■ Work request: After locating the line that contains "Camisola acolchada sin" in the listing below, write out that line and every following line exactly, with no other output.

++++++

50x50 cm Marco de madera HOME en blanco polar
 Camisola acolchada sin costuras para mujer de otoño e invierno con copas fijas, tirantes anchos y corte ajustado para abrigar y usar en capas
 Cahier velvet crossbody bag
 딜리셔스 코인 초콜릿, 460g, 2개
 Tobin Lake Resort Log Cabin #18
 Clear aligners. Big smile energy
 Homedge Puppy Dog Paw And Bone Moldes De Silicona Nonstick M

++++++

■ Finished task:
 Camisola acolchada sin costuras para mujer de otoño e invierno con copas fijas, tirantes anchos y corte ajustado para abrigar y usar en capas
 Cahier velvet crossbody bag
 딜리셔스 코인 초콜릿, 460g, 2개
 Tobin Lake Resort Log Cabin #18
 Clear aligners. Big smile energy
 Homedge Puppy Dog Paw And Bone Moldes De Silicona Nonstick M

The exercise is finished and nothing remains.